[Records provided — start]

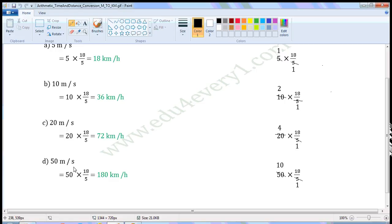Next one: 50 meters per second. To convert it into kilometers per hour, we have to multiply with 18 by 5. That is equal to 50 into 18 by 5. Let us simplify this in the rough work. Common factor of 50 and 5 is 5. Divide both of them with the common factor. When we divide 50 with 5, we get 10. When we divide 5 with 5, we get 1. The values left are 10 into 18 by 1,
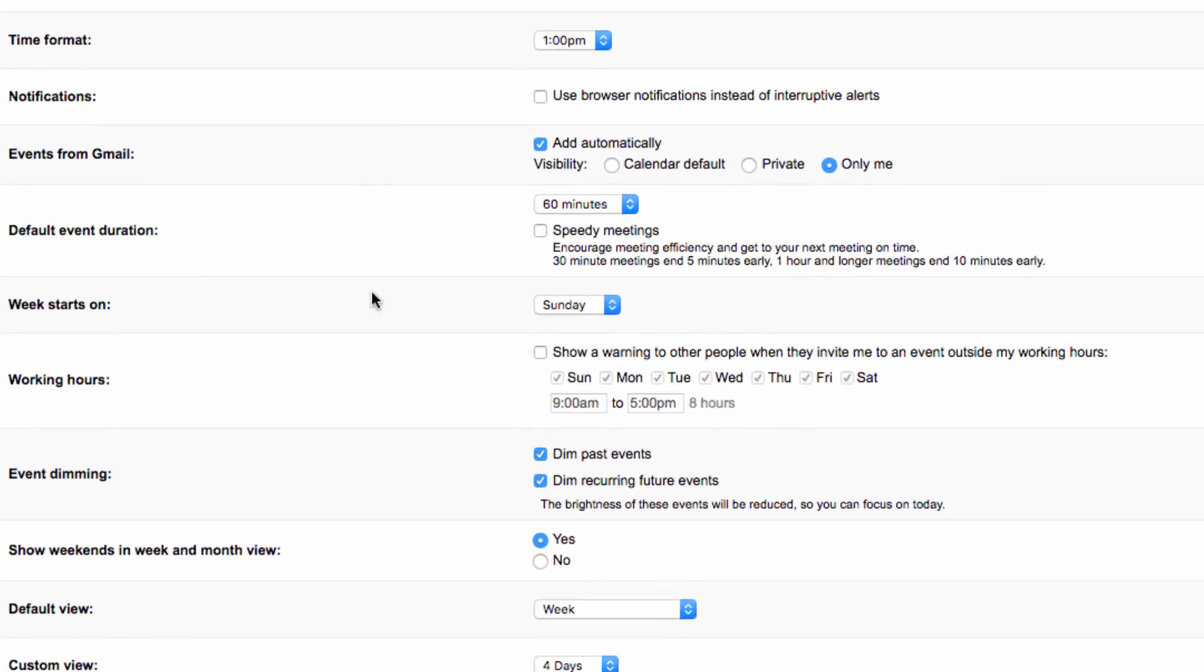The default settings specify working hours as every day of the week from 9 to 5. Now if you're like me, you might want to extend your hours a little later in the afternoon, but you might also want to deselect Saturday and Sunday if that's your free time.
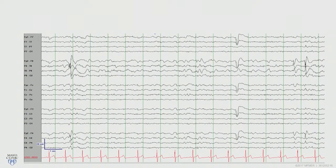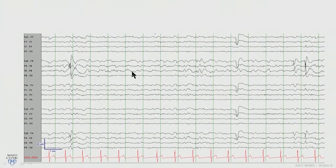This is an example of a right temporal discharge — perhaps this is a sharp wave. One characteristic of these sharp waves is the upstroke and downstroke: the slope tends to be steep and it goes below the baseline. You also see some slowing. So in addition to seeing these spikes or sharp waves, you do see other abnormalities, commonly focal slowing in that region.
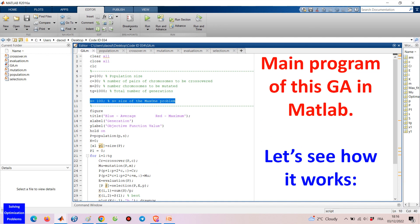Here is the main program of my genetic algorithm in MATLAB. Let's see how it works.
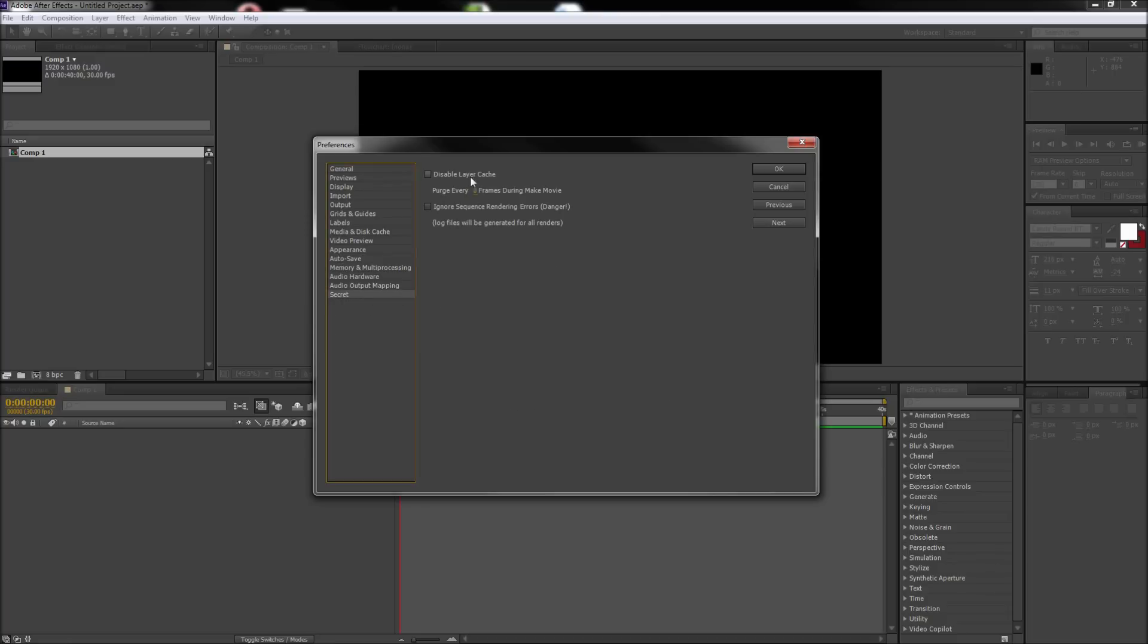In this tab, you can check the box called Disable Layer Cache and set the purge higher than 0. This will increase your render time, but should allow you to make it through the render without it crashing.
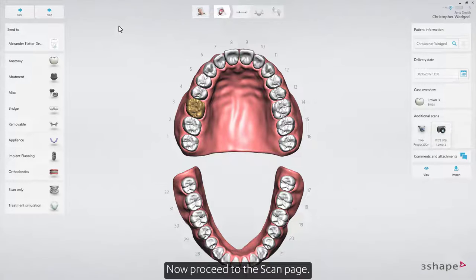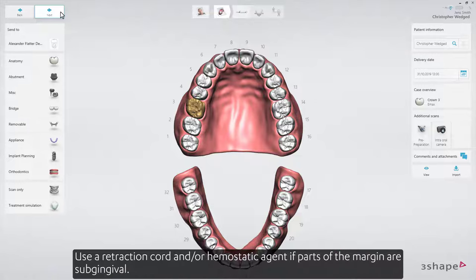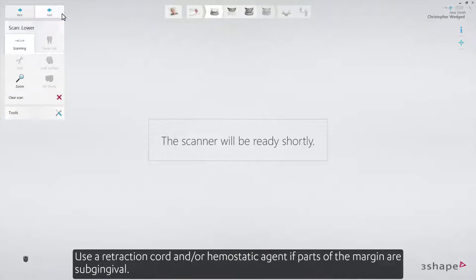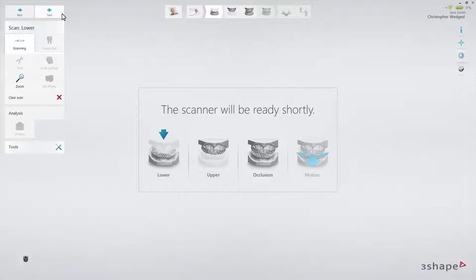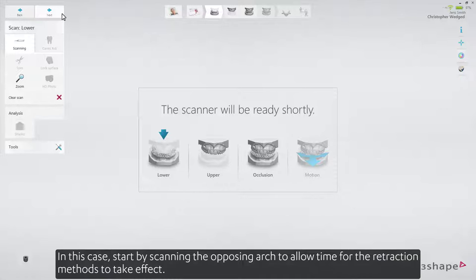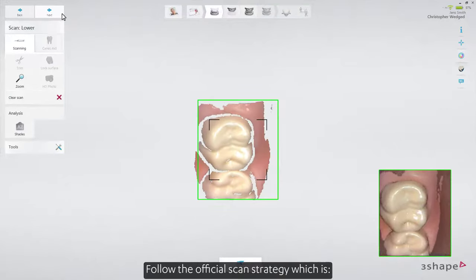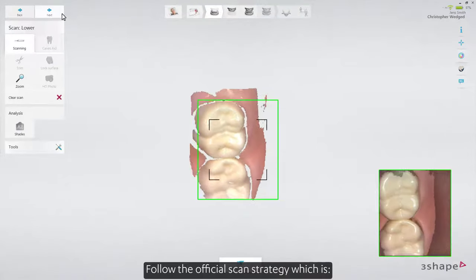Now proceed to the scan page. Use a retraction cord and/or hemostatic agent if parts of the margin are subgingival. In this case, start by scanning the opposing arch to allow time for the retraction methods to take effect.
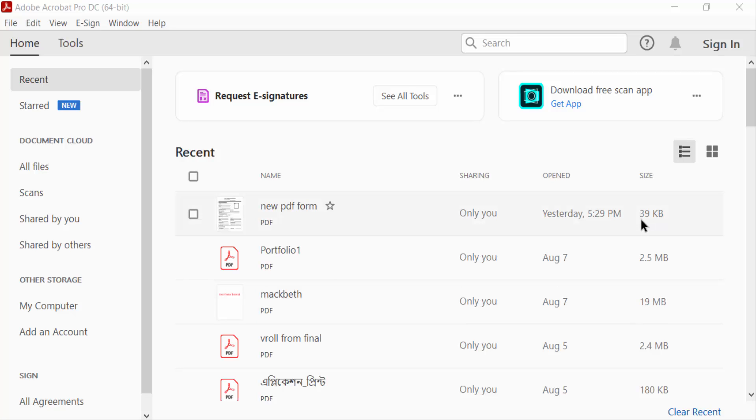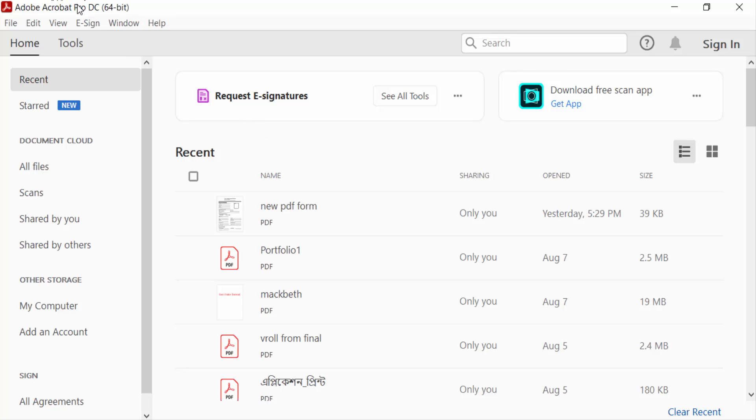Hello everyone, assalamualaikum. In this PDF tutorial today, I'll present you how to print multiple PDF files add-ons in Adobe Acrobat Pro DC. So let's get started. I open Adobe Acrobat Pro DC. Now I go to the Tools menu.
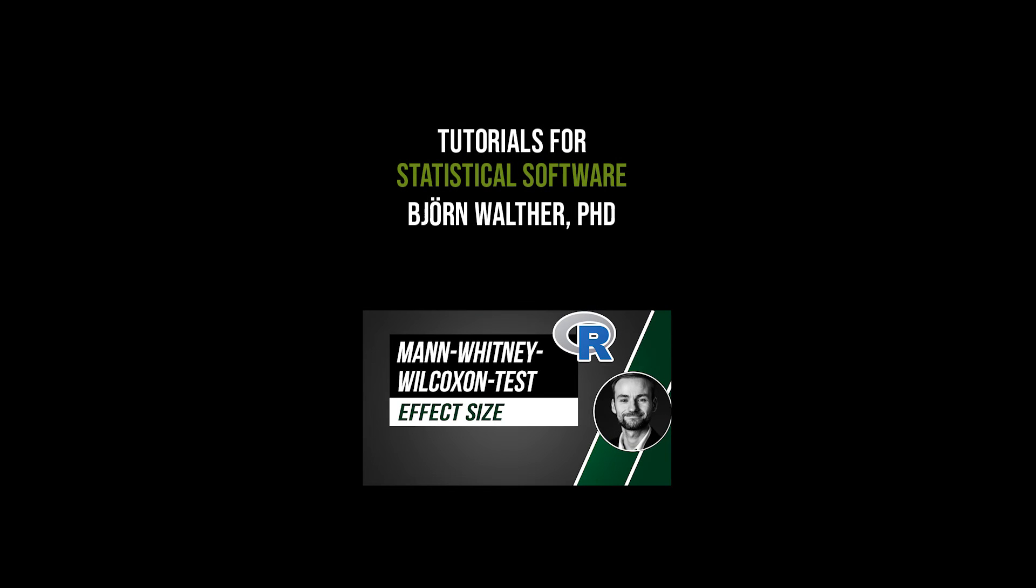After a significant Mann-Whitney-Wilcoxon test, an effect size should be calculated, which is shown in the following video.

[Records provided — finish]
[Records provided — start]

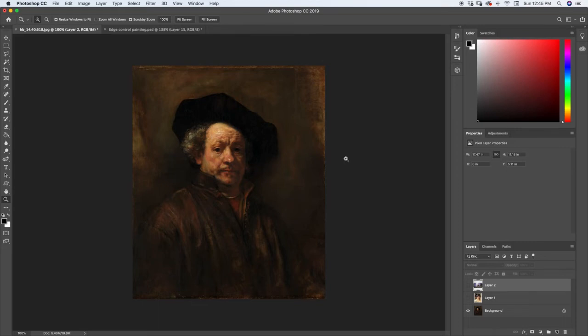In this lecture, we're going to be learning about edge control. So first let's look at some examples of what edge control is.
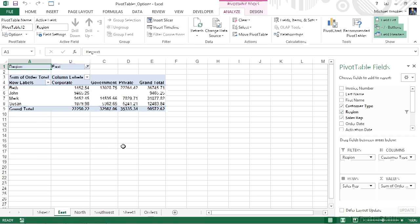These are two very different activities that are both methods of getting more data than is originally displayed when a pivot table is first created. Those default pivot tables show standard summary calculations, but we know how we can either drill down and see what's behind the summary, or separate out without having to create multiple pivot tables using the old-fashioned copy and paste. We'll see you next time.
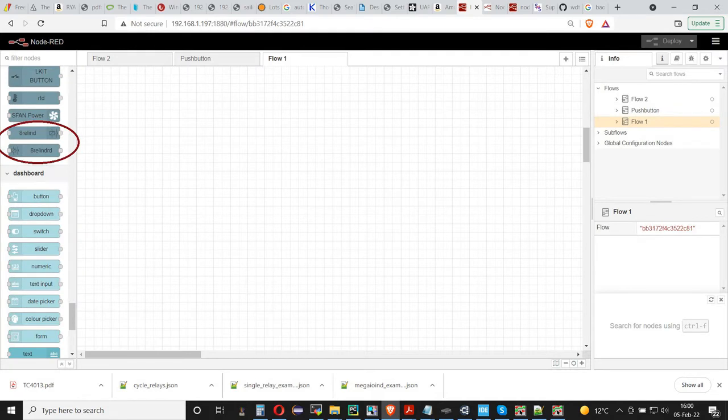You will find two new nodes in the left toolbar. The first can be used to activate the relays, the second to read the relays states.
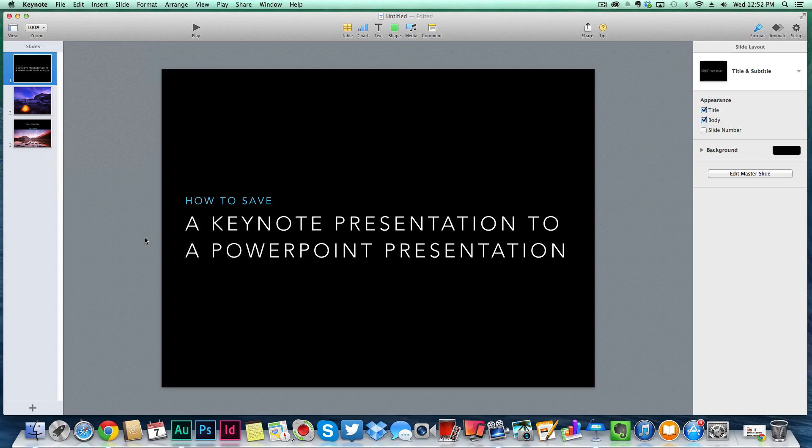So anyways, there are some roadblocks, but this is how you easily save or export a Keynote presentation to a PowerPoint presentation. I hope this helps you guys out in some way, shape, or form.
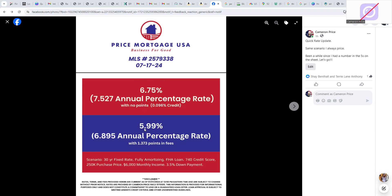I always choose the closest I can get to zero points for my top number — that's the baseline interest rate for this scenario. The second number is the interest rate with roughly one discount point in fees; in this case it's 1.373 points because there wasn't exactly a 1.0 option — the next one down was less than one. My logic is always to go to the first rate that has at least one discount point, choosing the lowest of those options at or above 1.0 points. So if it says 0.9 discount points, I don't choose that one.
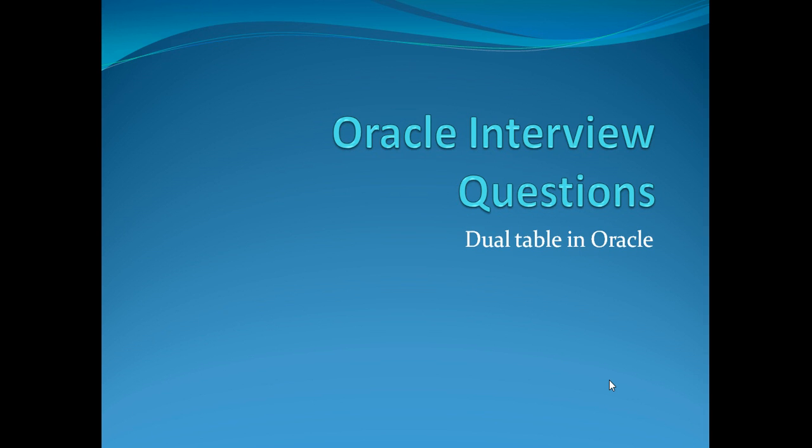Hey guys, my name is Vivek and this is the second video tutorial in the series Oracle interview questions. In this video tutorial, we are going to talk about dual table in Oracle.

[Records provided — finish]
[Records provided — start]

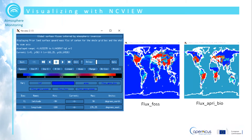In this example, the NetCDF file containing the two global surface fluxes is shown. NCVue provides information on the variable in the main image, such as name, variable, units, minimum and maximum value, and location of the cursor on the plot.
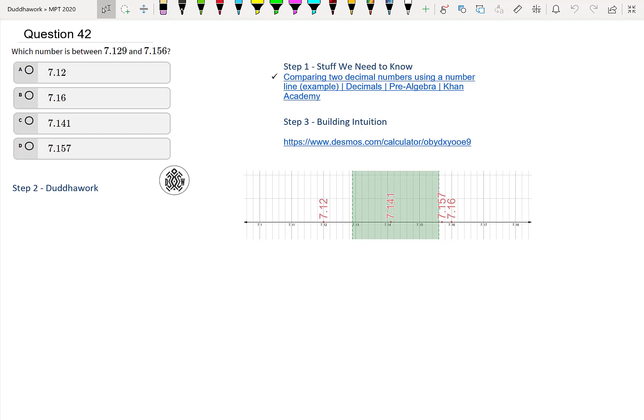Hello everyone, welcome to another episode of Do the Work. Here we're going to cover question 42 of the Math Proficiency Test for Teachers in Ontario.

[Records provided — finish]

Work required:
Would you print exactly the lines in the listing above, from the line bearing "In this tab, you" through the line bearing "After a significant", leaving out all pictures?

Answer:
In this tab, you can check the box called Disable Layer Cache and set the purge higher than 0. This will increase your render time, but should allow you to make it through the render without it crashing.
Now proceed to the scan page. Use a retraction cord and/or hemostatic agent if parts of the margin are subgingival. In this case, start by scanning the opposing arch to allow time for the retraction methods to take effect.
Hello everyone, assalamualaikum. In this PDF tutorial today, I'll present you how to print multiple PDF files add-ons in Adobe Acrobat Pro DC. So let's get started. I open Adobe Acrobat Pro DC. Now I go to the Tools menu.
After a significant Mann-Whitney-Wilcoxon test, an effect size should be calculated, which is shown in the following video.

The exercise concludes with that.